• _About this task_:
Only the lines below from the one containing "Personalisierte Trauerkerze mit" through the one containing "Celebration, Engagement, Vector" belong in the answer, set down exactly, with the pictures left out.

• _Task material_:
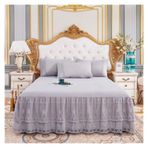 Etek Fırfırlı Yatak Eteği, Dantel Yatak Eteği Yastık Kılıfı Yatak Takımı Fitted Sheet Çok Renkli Çoklu Boyutlar 3'lü Paket(10,200x220cm 3pcs set)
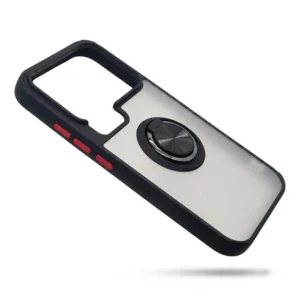Funda carcasa dura protectora de color negro con botones en contraste rojo, trasera translúcida y anilla soporte metálica giratoria compatible con Xiaomi 17 Pro Max de la tienda Mercachip.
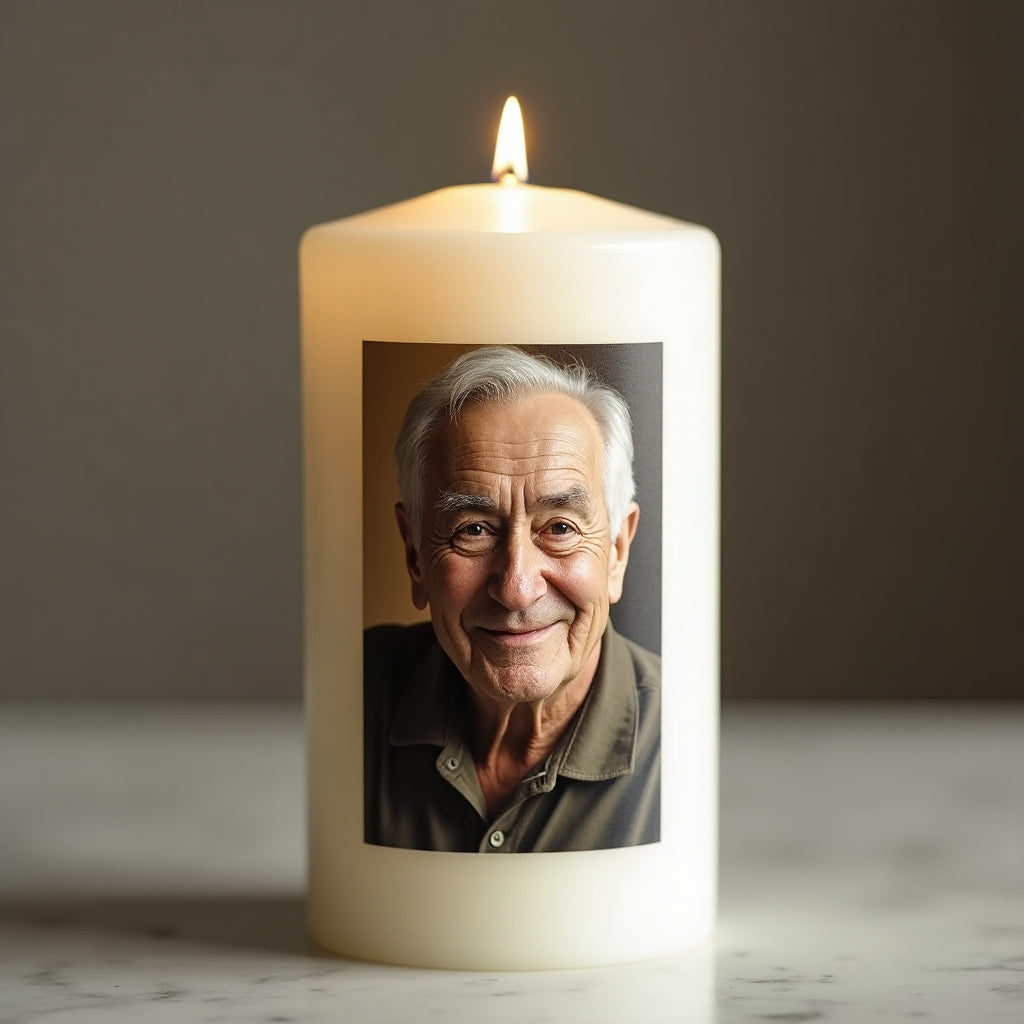 Personalisierte Trauerkerze mit Foto – stilvolles Gedenken mit langem Licht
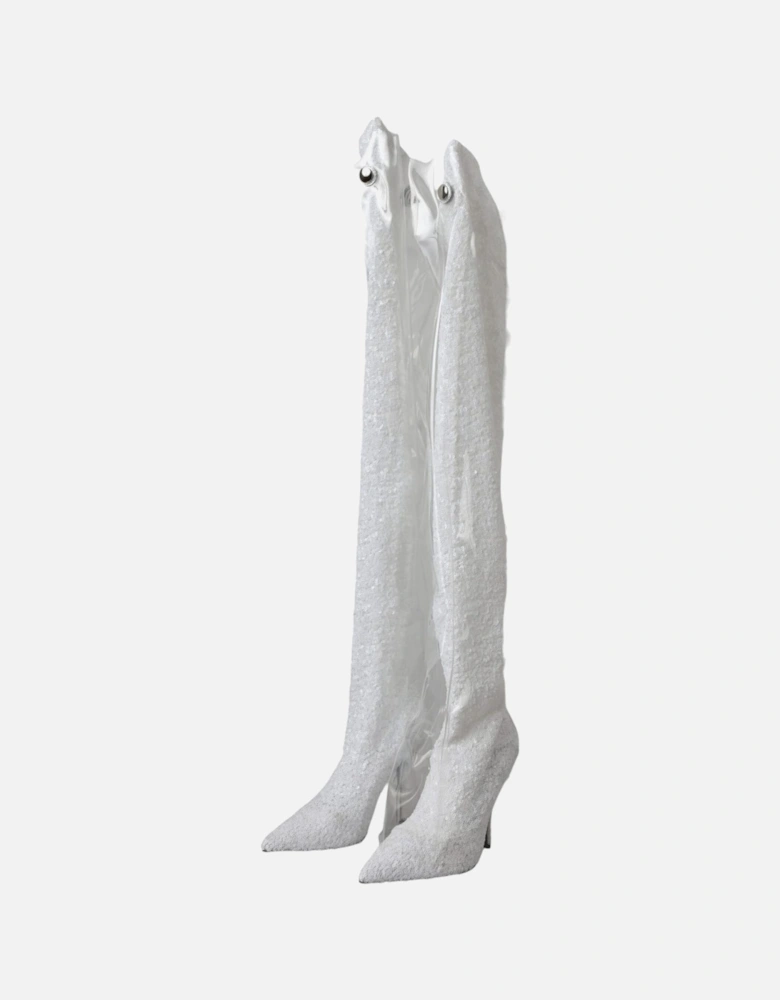 Sequin Knee High Boots Women - White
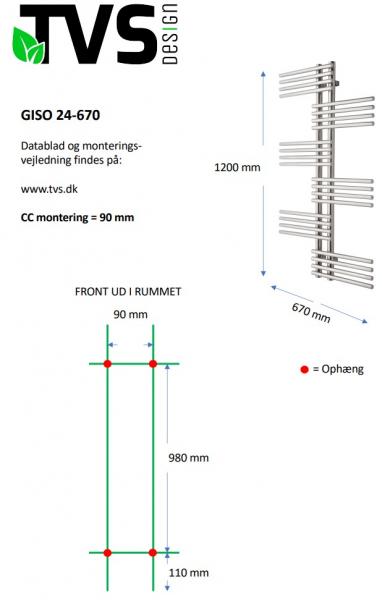 TVS Giso håndklædetørrer - 67x120 cm - Poleret rustfrit stål TVS Giso håndklædetørrer - 67x120 cm - Poleret rustfrit stål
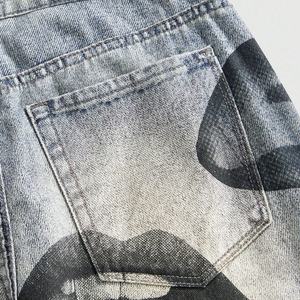 <span class=keywords><strong>Jeans</strong></span> Stampati da <span class=keywords><strong>Uomo</strong></span> Stile Punk Casual Nero Bianco Ecologici Traspiranti Gamba Larga Designer Nightclub - Product Image 3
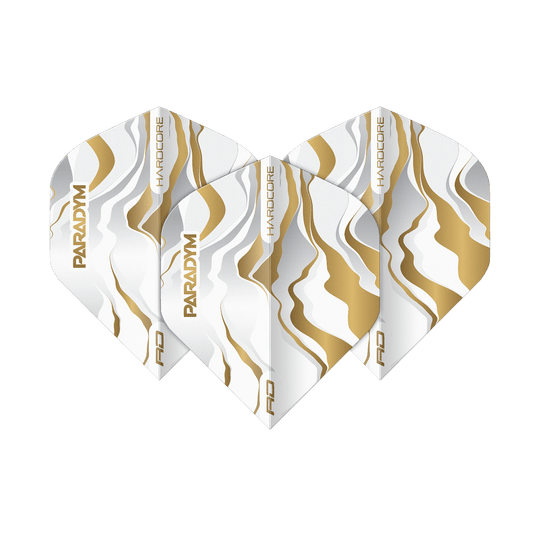 Das Bild zeigt das Set Red Dragon Hardcore Premium Paradym Gold Premium No2 Standard Flights. Die Flights zeichnen sich durch ihr goldfarbenes Design und Premium-Qualität aus.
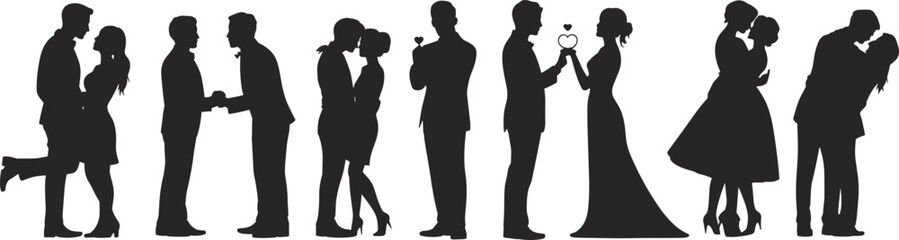 Romantic Couple Silhouettes, Wedding, Love, Relationship, Affectionate Poses, Bride and Groom, Marriage, Celebration, Engagement, Vector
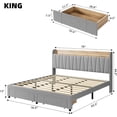 thumbnail image 3 of PIONEERWORKS King Bed Frame with Storage Headboard Platform, Linen Fabric Platform Bed with Charging Station & Drawer, No Box Spring Needed, Easy Assembly, Gray, 3 of 9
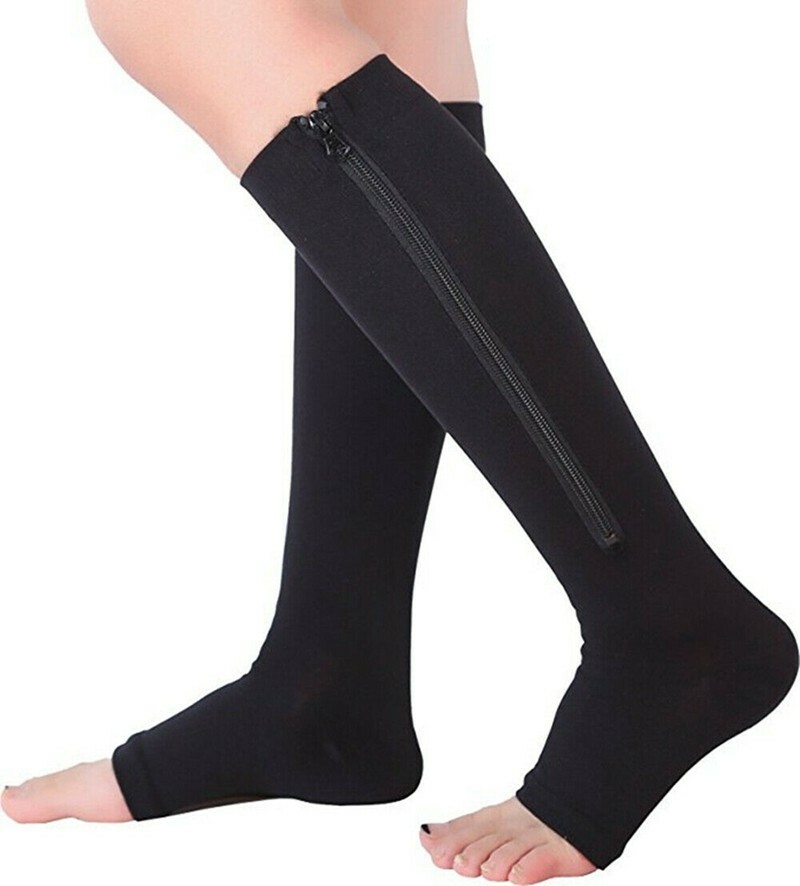 New Compression Copper Zipper Socks Men's Women's Graduated Support Stockings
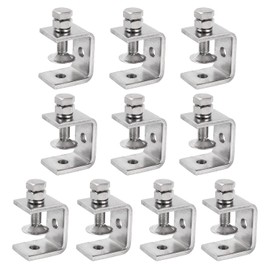 1-1/8” (30 mm) Mini C Clamps Stainless Steel, Small C-Clamp Tiger Clamp G-Clamp U Clamps Heavy Duty for Woodworking Welding Building Household, 1/8”(4 mm) Thickness (10 Pack)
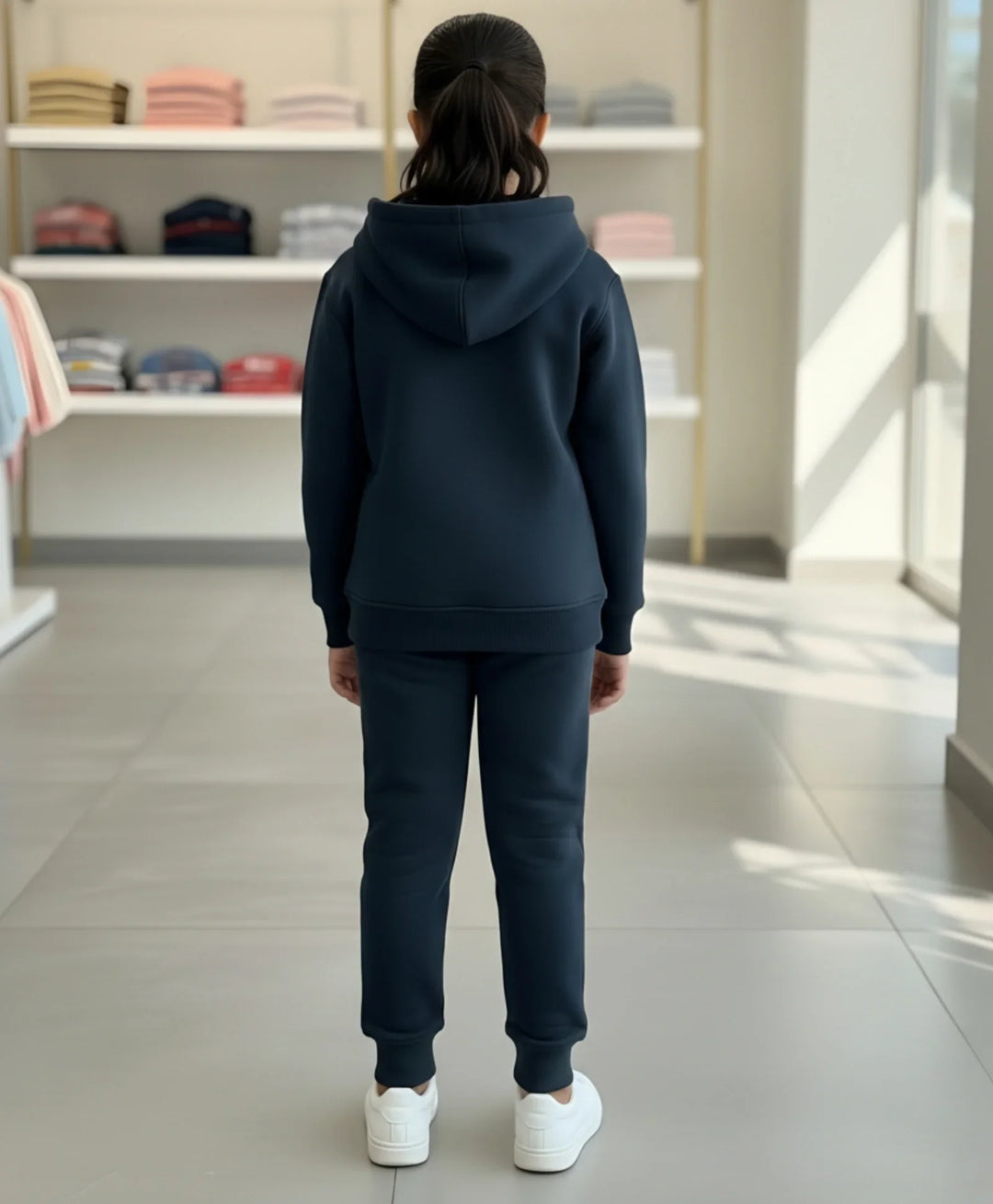 WEARABLE ESSENTIAL GIRLS FLEECE HOODIE JOGGER SET - TEAL - Anthrilo 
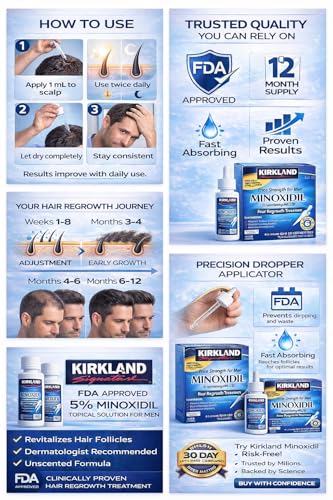 Kirkland Minoxidil 5% Extra Strength Hair Regrowth for Men - 12 Month Supply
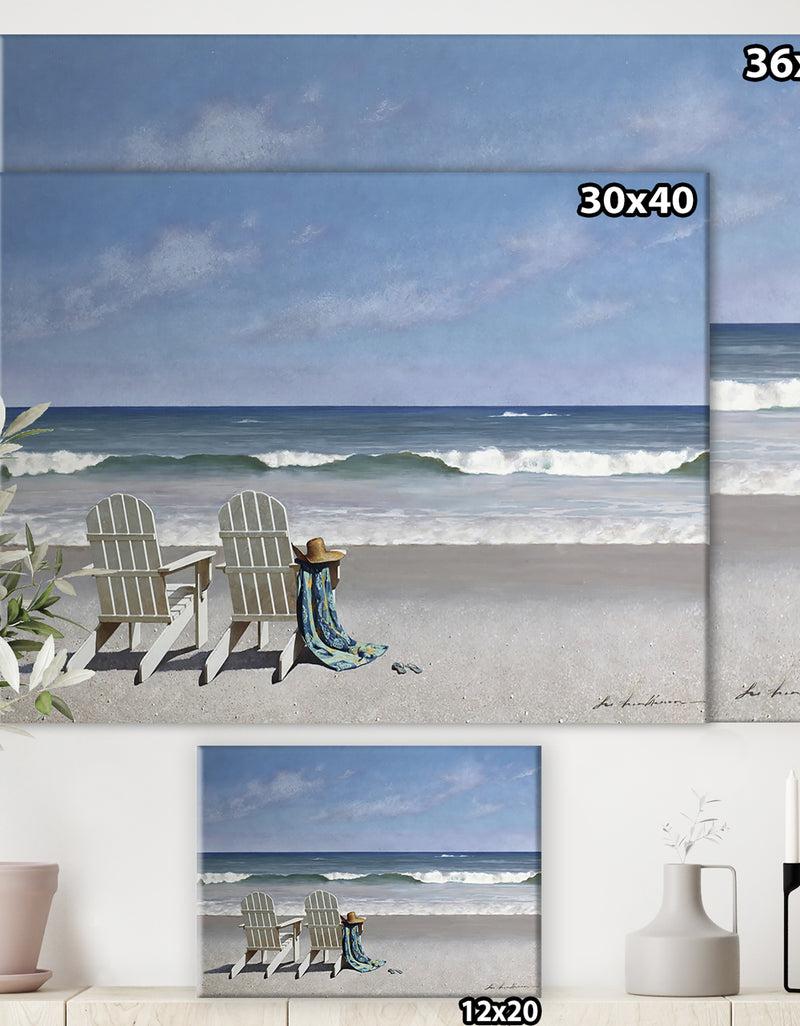 DesignQ Tide Watching - Nautical & Coastal Canvas Art Print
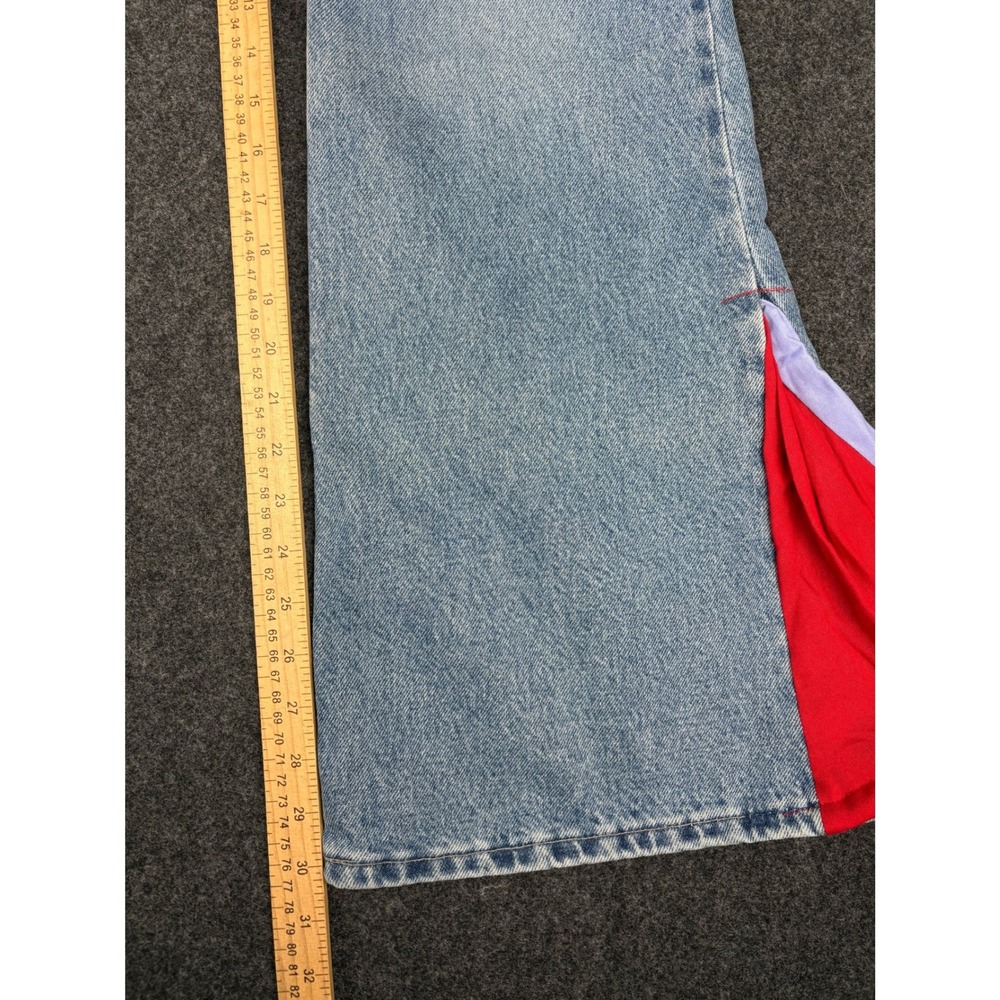 Vintage Levi's USA Y2K Reworked Flare Jeans Peace Sign Patchwork Boho Juniors 11 - Picture 6 of 14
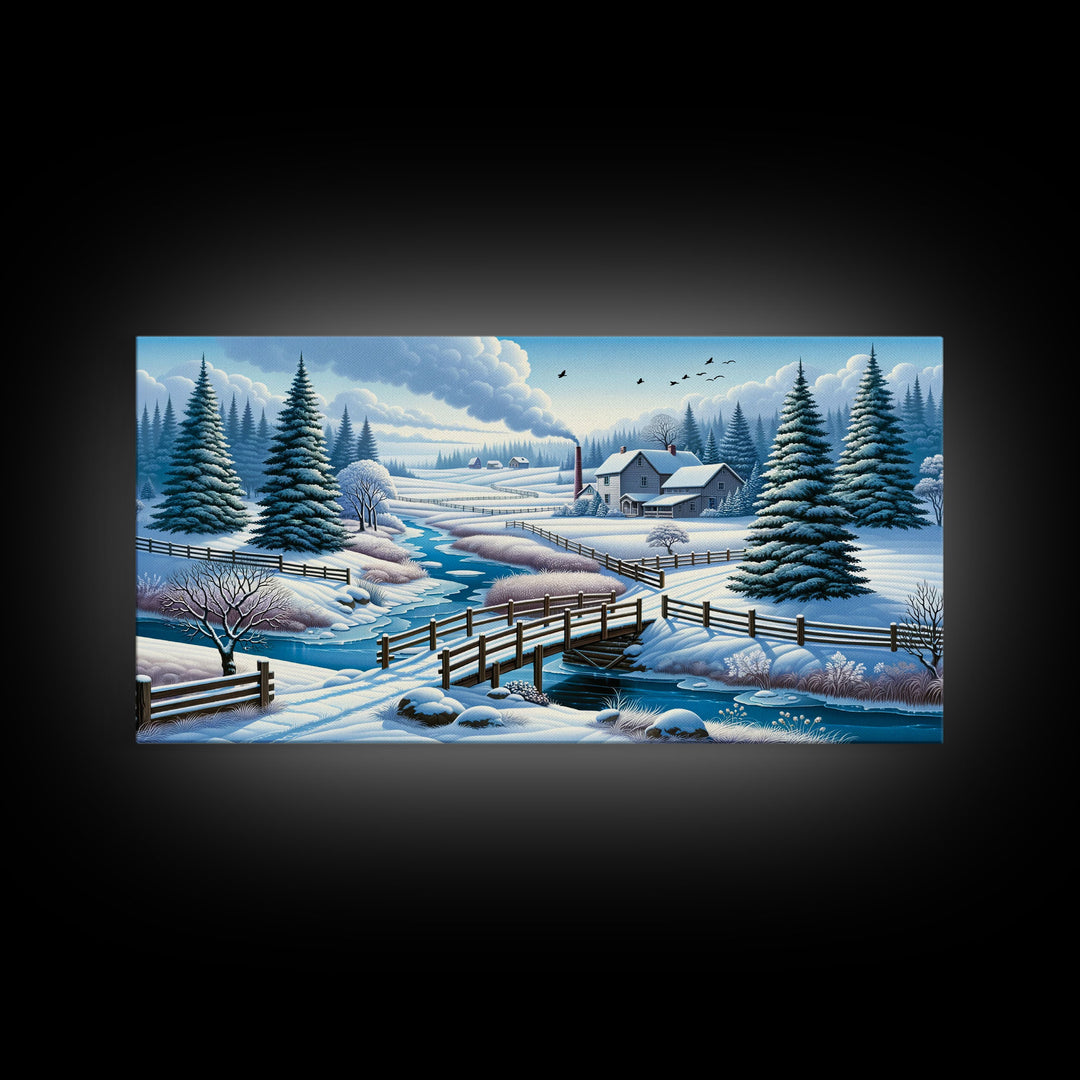 Scenic Winter Wonderland Framed Canvas Print | Winter Decor | Winter Centerpiece Above Mantle Or Sofa | Christmas Decor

• _Response to this exercise_:
 Personalisierte Trauerkerze mit Foto – stilvolles Gedenken mit langem Licht
 Sequin Knee High Boots Women - White
 TVS Giso håndklædetørrer - 67x120 cm - Poleret rustfrit stål TVS Giso håndklædetørrer - 67x120 cm - Poleret rustfrit stål
 <span class=keywords><strong>Jeans</strong></span> Stampati da <span class=keywords><strong>Uomo</strong></span> Stile Punk Casual Nero Bianco Ecologici Traspiranti Gamba Larga Designer Nightclub - Product Image 3
 Das Bild zeigt das Set Red Dragon Hardcore Premium Paradym Gold Premium No2 Standard Flights. Die Flights zeichnen sich durch ihr goldfarbenes Design und Premium-Qualität aus.
 Romantic Couple Silhouettes, Wedding, Love, Relationship, Affectionate Poses, Bride and Groom, Marriage, Celebration, Engagement, Vector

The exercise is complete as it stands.